Il rendait compte des pourparlers de l'Afrique du Sud avec les Etats-Unis pour la reconduction des avantages de l’Agoa au milieu des tensions récentes entre les deux pays, suscitées par l’envoi présumé par Pretoria d’armes et de munitions à la Russie.
Plus tôt en juillet, Patel, aux côtés du ministre des Finances Enoch Godongwana, s'est rendu à Washington pour discuter de l'état des accords commerciaux entre les deux pays. Ceci au milieu des craintes que l'Afrique du Sud risque de perdre les avantages du programme commercial de l’AGOA, en raison de son soutien présumé à la Russie et de sa position vis-à-vis du conflit en Ukraine.
Pretoria a demandé à Washington d'envisager une prolongation anticipée de l'Agoa, qui doit expirer en 2025. L'Afrique du Sud, l'une des économies les plus développées du continent, est le plus grand bénéficiaire de l’Agoa, exportant l'année dernière environ 3 milliards de dollars de marchandises vers les États-Unis via cette Loi.

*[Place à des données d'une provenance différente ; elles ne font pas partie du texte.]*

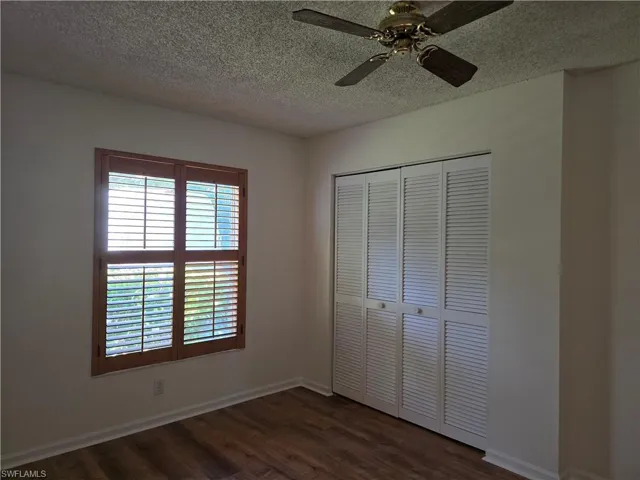 2nd bedroom featuring ceiling fan, dark hardwood / wood-style flooring, a closet, and a textured ceiling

En mai dernier, l'ambassadeur américain à Pretoria, Reuben Brigety, a accusé l’Afrique du Sud d’avoir fourni des armes à la Russie. Les Etats-Unis sont convaincus que «des armes et des munitions ont été chargées», début décembre 2022, à bord du cargo russe amarré près du Cap Lady R, en dépit de sa neutralité déclarée dans le conflit en Ukraine, a déclaré Brigety lors d’une conférence de presse.
Ebrahim Patel a reconnu que la question de Lady R avait également été soulevée lors des pourparlers. L'incident du Lady R, également connu sous le nom de #LadyRussiagate, fait référence à l'amarrage du cargo russe sanctionné, le Lady R, à la base navale de Simon's Town en Afrique du Sud et à l'impact diplomatique qui en résulte. Le navire transportait une cargaison militaire pour la Russie. "Sans aucun doute, c'était bien que nous y soyons allés, mais cela nous a également permis d'entendre certaines des préoccupations spécifiques. Un certain nombre de décideurs américains ont fait part de leurs inquiétudes et ont voulu savoir ce que nous faisions au sujet de l'enquête sur le Lady R», a-t-il dit.
Un groupe bipartite de législateurs américains a demandé à l'Administration Biden de «punir l'Afrique du Sud pour ce qu'il considère comme le soutien du pays à la Russie». Les législateurs ont appelé à déplacer la conférence commerciale d'Agoa prévue cette année en Afrique du Sud à un autre pays.
Il s'agit du premier effort concret de représailles de la part de membres du gouvernement américain face à l'opinion croissante à Washington selon laquelle les relations entre l'Afrique du Sud et la Russie évoluent dans une direction qui menace les intérêts nationaux américains.